What I know is fourteen people died on December 2nd in San Bernardino, California. They were killed at a Christmas party. I know that the two murderers were later killed by police officers. I also know three people were murdered in Colorado Springs last week, at a Planned Parenthood facility. I know dozens of people were killed in Charleston, South Carolina, and Aurora, Colorado, and in Newtown, Connecticut, among many other places. I know that hundreds of grieving survivors are left behind to ask questions that will probably never be answered.
There are other things I don’t know. I do not know why we as a society do not rise up against this madness, and demand an end to it. I do not know why the National Rifle Association has, over the last few decades, refashioned itself into a rabidly irrational political lobbying organization. The NRA and their ilk clothe themselves in the flag and posture as though they are the defenders of American democracy in the face of a continuously-prophesied but never-happening Federal confiscation of every gun in the country.
The NRA’s main purpose, however, appears to be creating fear and paranoia in people, and then collecting as much money as possible from those in whom they have stirred up the false specters of crime waves and government takeovers. At the same time, they mindlessly oppose any measure or regulation that might dial back American gun culture in even the smallest way, and intimidate any politician who supports such measures.
Here’s something else I don’t know: Why has Wayne LaPierre, Chief Executive Officer of the NRA, had nothing to say in the wake of the murders in San Bernardino? Or after the killings at the Planned Parenthood facility in Colorado Springs?
This isn’t going to turn into a screed against the NRA. That would be too easy. (Pry your gun from your cold, dead fingers? Seriously?). It would also be futile. (See “mindlessly”, above.)
No, this is about a question.
Why are we not rising up as a society, a people, and demanding an end to the carnage? Why are we not marching in the streets, furiously stating our children’s need, our society’s need, to end the violence that now happens with depressing regularity from one end of this country to the other – from Newtown to San Bernardino? Do we care so little? Are we so powerless? Is America so in thrall to the NRA and their minions?
The tragedy of these killings radiates out, like ripples in a pond when a stone is thrown into it. It’s not just fourteen people in California who won’t celebrate Christmas this year. There are all of us left behind who have to deal with the impact and consequences of the murders in San Bernardino and Roseburg, Oregon, and Charleston, and on and on.
A great many right-wing conservative politicians in this country (several of whom say they want to be the next president of the United States), abetted by like-minded television and radio commentators, make big talk about “taking back our country.” From what I can tell, they mean taking the country back to around 1955.
Well, I don’t want to take the country back. I want to take it forward. I want to do whatever is necessary to make it exceedingly difficult for mass murders like the ones in San Bernardino to take place.

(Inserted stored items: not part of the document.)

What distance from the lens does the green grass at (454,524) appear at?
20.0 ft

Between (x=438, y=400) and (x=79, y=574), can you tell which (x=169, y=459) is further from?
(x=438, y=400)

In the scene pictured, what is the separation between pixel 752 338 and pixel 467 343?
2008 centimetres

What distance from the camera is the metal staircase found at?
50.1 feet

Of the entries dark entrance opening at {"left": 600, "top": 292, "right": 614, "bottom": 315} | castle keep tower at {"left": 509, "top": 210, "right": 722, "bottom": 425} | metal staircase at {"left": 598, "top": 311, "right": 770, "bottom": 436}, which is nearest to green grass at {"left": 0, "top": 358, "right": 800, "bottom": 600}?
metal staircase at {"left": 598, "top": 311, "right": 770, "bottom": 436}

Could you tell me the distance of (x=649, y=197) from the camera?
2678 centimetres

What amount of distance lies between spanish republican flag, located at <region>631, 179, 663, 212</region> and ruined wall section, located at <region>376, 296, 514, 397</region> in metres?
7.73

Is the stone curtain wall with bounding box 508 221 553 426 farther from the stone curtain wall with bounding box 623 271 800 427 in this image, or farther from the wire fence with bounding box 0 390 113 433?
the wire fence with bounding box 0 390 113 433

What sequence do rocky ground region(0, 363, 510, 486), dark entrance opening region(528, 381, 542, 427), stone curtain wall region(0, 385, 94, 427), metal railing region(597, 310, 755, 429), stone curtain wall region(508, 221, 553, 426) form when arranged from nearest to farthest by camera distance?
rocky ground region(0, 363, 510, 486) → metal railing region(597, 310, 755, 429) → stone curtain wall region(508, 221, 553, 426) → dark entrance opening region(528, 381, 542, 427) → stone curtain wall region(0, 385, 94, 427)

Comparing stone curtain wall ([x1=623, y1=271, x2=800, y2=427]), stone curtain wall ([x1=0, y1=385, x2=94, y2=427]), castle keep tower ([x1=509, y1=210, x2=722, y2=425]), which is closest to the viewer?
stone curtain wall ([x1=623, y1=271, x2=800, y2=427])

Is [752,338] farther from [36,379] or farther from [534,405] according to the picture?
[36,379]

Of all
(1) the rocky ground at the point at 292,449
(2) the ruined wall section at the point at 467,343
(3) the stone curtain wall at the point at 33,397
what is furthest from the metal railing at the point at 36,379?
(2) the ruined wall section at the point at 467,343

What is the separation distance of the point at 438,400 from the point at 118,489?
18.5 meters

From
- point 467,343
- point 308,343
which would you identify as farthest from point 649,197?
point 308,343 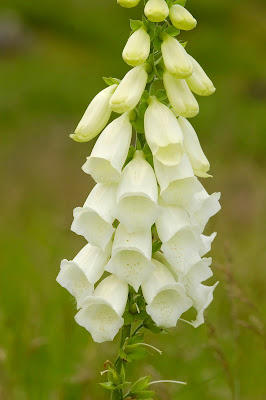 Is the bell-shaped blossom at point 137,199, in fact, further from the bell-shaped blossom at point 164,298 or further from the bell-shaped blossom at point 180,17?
the bell-shaped blossom at point 180,17

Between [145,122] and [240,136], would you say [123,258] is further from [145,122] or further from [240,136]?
[240,136]

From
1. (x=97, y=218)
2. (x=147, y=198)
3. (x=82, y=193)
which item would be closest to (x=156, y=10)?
(x=147, y=198)

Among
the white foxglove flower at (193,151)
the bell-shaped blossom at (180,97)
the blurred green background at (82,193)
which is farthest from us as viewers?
the blurred green background at (82,193)

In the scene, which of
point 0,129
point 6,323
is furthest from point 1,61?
point 6,323

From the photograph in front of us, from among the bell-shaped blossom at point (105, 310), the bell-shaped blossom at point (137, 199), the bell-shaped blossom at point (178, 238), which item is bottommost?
the bell-shaped blossom at point (105, 310)

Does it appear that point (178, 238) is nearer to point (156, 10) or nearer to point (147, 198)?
point (147, 198)

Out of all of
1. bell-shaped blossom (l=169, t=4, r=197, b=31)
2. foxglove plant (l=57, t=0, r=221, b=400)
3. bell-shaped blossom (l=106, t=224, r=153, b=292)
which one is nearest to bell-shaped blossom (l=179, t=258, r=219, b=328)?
foxglove plant (l=57, t=0, r=221, b=400)

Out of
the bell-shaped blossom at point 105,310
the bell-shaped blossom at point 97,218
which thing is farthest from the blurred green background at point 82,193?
the bell-shaped blossom at point 97,218

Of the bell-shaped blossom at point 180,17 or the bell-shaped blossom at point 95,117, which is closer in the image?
the bell-shaped blossom at point 180,17

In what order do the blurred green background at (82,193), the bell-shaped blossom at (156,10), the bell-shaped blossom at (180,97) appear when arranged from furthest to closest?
1. the blurred green background at (82,193)
2. the bell-shaped blossom at (180,97)
3. the bell-shaped blossom at (156,10)

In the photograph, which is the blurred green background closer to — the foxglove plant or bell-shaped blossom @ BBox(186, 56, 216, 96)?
the foxglove plant
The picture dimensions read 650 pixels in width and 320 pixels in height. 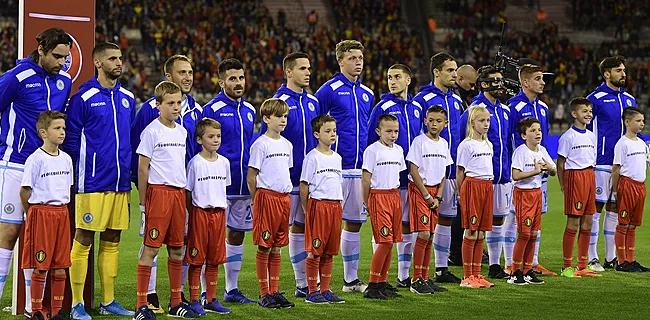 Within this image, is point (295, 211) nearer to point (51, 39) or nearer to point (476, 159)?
point (476, 159)

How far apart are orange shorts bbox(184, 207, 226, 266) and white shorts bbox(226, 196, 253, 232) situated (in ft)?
2.41

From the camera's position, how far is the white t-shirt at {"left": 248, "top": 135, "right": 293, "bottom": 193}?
8484 mm

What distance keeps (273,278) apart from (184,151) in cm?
144

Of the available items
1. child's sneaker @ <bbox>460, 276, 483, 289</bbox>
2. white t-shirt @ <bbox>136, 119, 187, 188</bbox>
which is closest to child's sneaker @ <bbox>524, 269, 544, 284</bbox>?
child's sneaker @ <bbox>460, 276, 483, 289</bbox>

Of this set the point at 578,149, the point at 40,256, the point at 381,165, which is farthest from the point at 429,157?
the point at 40,256

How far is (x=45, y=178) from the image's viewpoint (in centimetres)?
745

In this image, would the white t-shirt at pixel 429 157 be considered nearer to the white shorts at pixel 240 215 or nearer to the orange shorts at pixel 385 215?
the orange shorts at pixel 385 215

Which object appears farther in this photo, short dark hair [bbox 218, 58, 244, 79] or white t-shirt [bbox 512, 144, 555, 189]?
white t-shirt [bbox 512, 144, 555, 189]

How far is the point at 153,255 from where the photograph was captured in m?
8.00

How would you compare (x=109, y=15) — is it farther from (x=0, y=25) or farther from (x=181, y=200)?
(x=181, y=200)

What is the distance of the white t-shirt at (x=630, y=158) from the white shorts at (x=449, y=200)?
84.4 inches

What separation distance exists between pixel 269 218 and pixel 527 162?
3072mm

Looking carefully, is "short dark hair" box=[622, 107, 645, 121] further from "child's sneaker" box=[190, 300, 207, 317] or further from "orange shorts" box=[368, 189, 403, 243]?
"child's sneaker" box=[190, 300, 207, 317]

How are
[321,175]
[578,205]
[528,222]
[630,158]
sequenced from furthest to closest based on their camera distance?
[630,158] < [578,205] < [528,222] < [321,175] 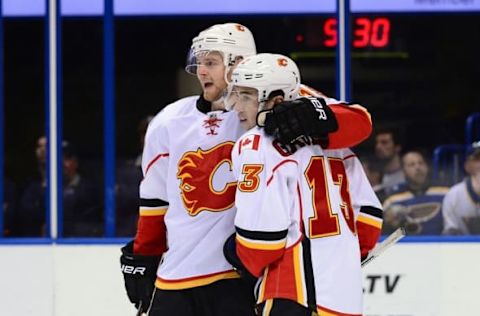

Why in the name of heaven does the NRA not want the same thing? Oh, I know – they say that’s what they want. But then, they turn around and sabotage any meaningful, sensible regulations through their bought-and-paid-for politicians.
How long will the 80% of Americans who want expanded background checks and other reasonable regulations allow themselves – our selves – to be dominated and ignored by the likes of Wayne LaPierre and the rest of the Second Amendment fanatics?